CliftonStrengths

“I praise you, because I am wonderfully made; wonderful are your works! My very self you know.” – Psalm 139:14

CliftonStrengths (you might also hear it called StrengthsFinder) is a talent assessment hosted by Gallup. It’s designed to help people understand how they naturally think, feel, and behave at their best—and then use those patterns more intentionally at work and in life.

What it is:

  • An online assessment (177 paired statements, timed)
  • It identifies your top talent themes out of 34 possible strengths
  • Most people focus on their Top 5 themes

What it measures:
Not skills you learned—but innate tendencies. For example:

  • How you make decisions
  • How you build relationships
  • How you execute tasks
  • How you influence others

The 34 strengths are grouped into 4 domains:

  • Executing – getting things done (e.g., Achiever, Responsibility)
  • Influencing – leading, persuading, being heard (e.g., Command, Woo)
  • Relationship Building – connecting with people (e.g., Empathy, Relator)
  • Strategic Thinking – analyzing and imagining (e.g., Strategic, Ideation)

Why people use it

  • Team building and leadership development
  • Career direction and role fit
  • Improving collaboration (“ohhh, that’s why we clash” moments)
  • Writing bios, performance reviews, or coaching language

Important nuance…CliftonStrengths doesn’t say:

  • what you’re good or bad at
  • or what job you should have

It does say…

  • “Here’s where your energy and excellence most naturally come from.”What is it?

Top 5 or Full 34?

CliftonStrengths Top 5 and Full 34 are based on the same assessment, but they offer different levels of depth. The Top 5 report identifies the five talent themes you use most naturally and consistently. These are the strengths that show up automatically in your thinking and behavior, especially under pressure. Gallup emphasizes the Top 5 because research shows people gain the greatest performance benefits by investing in their strongest talents rather than trying to fix weaknesses.
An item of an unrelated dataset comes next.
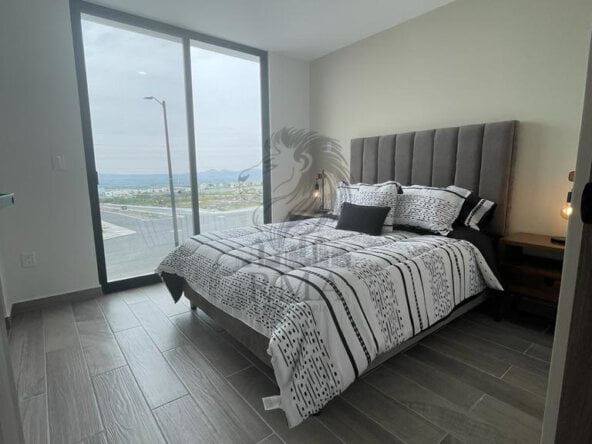 c1eb8165-93d4-47dd-87e6-7a9db536cbd1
The Full 34 report expands on this by ranking all thirty-four CliftonStrengths themes. In addition to your strongest talents, it shows secondary or supporting strengths, situational talents, and themes that are lower for you. Lower-ranked themes are not weaknesses; they simply indicate areas where you are less instinctive and may rely more on learned skills, systems, or collaboration with others.

In practice, the Top 5 is best for clarity, ease of use, and everyday application. It works well for self-awareness, team conversations, leadership bios, and development discussions without becoming overwhelming. The Full 34 is more useful for deeper coaching, leadership development, team design, and understanding friction or blind spots. Many people start with the Top 5 for focus and upgrade to the Full 34 later when they want a more complete picture of how all their talents interact.